Mpipe is a Bioinformatics tool for compare DNA motif occurrence at peak summits versus surrounding regions.
This program involves three major functions:
- Given regions in the genome, fetch DNA sequences.
- Use a motif PSSM to scan the 200bp DNA sequence and calculate a score for the motif occurrence.
- Calculate a statistical measurement to see higher scores in middle 200bp windows than two surrounding windows. Measure the difference of summary scores distributions in middle v.s two surrounding windows.
BioPython is used to input fasta sequence file. (http://biopython.org/wiki/Download)

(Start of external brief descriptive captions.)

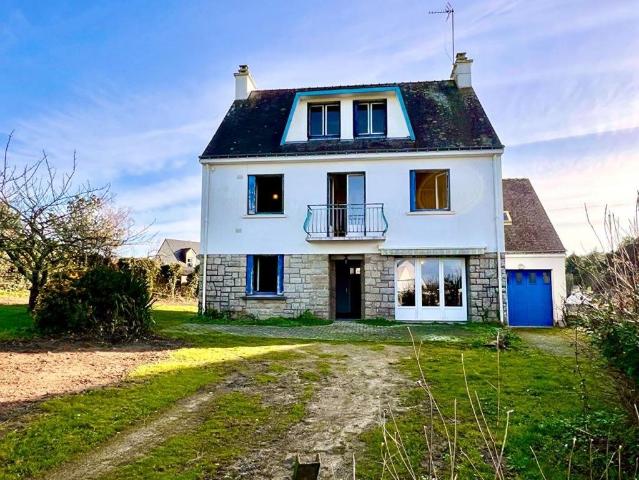 Villa de luxe de 3 pièces en vente Baden, Bretagne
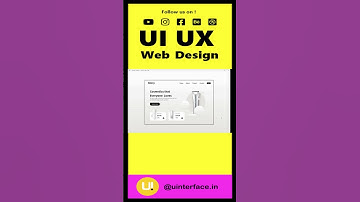 Online Beauty Product Store Landing Page  UI UX Design  In Adobe XD #UIUXDesign  #UIUX #WebDesign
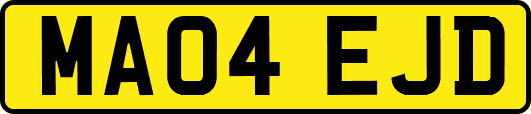 MA04EJD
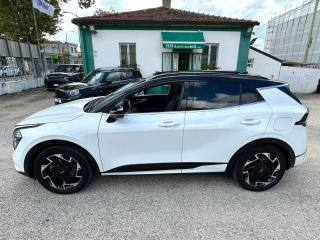 KIA Sportage usata, con Controllo automatico clima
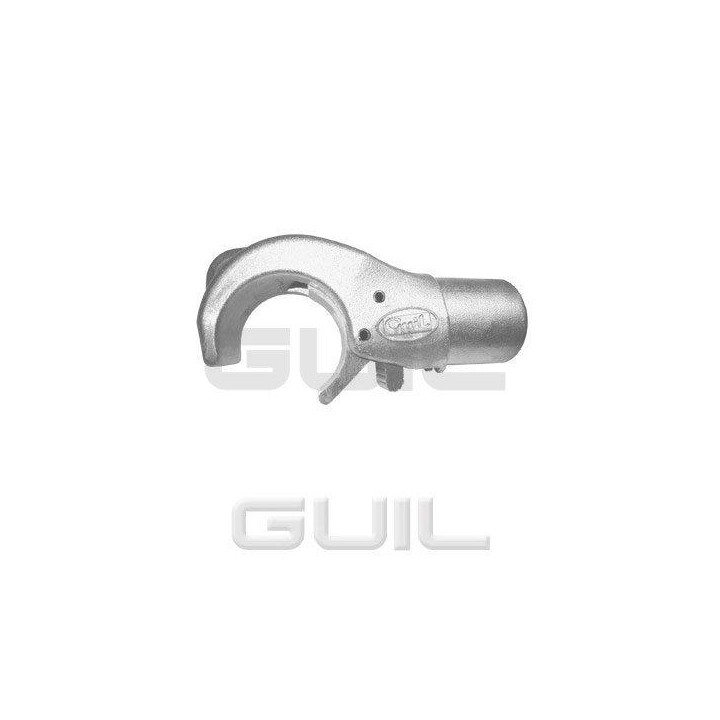 Guil - ABZ-01 - Griffe pour ferme | Z-Bombilla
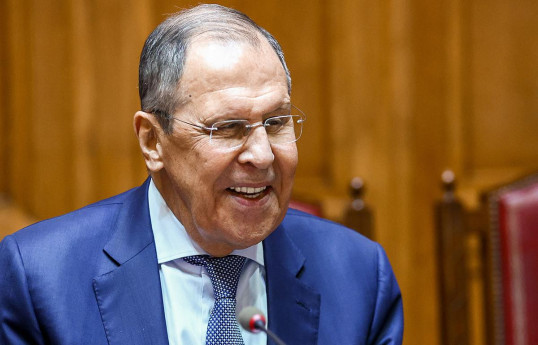 В Кремле сообщили о подготовке визита Лаврова в КНДР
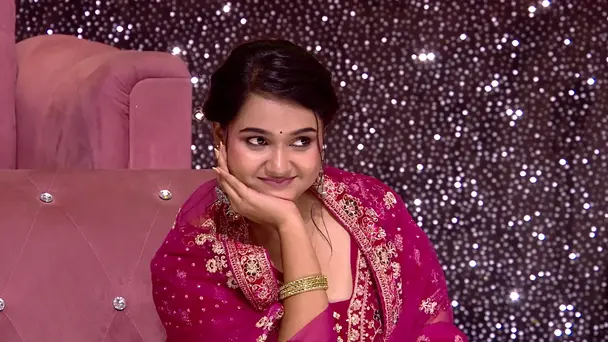 Jimikili Impresses Aliya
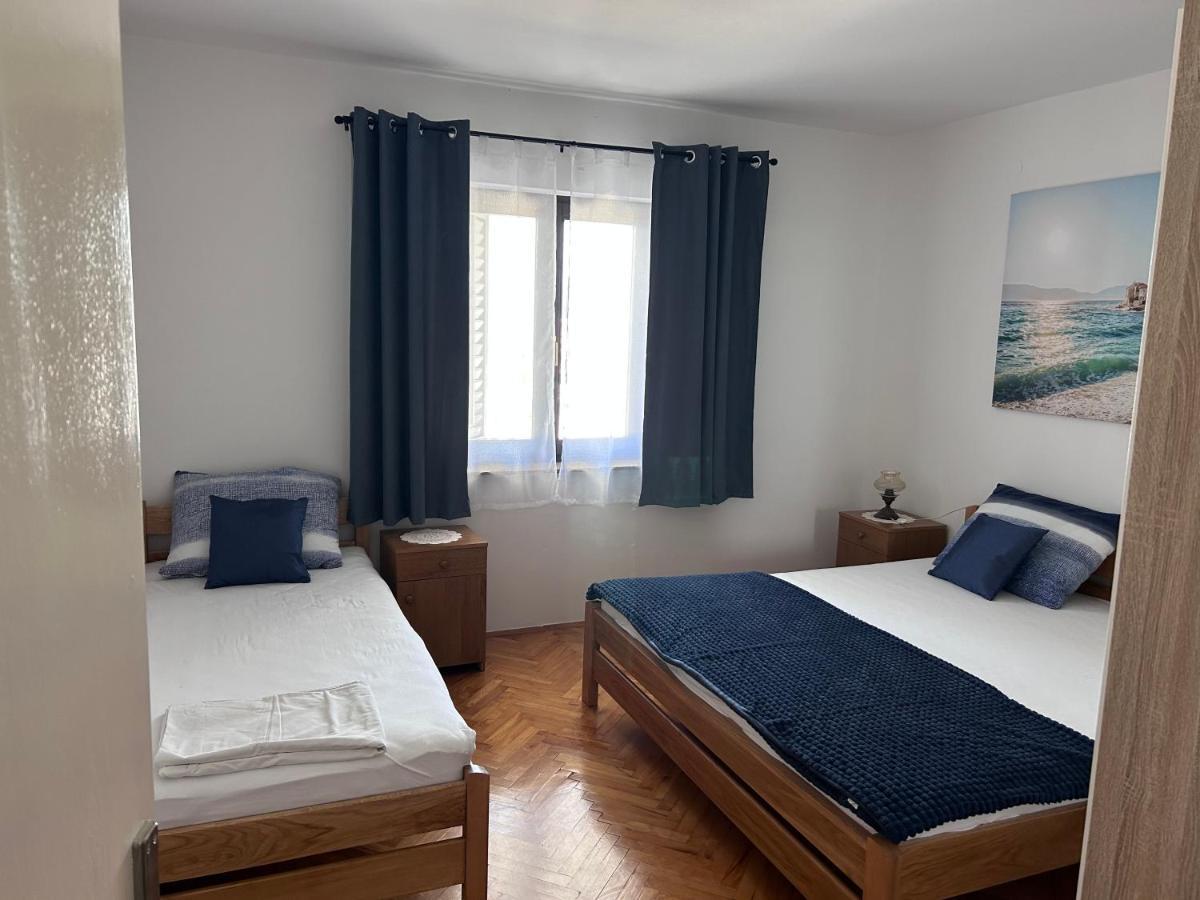 Jagoda Apartment *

Bed tools is used to convert bed to fasta file (fastaFromBed)and sort bed by its position (bedSort). (http://code.google.com/p/bedtools/) (Download bedSort by: git clone http://genome-source.cse.ucsc.edu/kent.git)
RPy is used to do the Wicoxon test and FDR adjust between center region and side regions. (http://rpy.sourceforge.net/rpy.html)
awk is used to get three regions of bed from one summits bed and to check whether a region is in legal chromosome range (gawk in Linux)
Cython is only needed for developers. (http://cython.org/)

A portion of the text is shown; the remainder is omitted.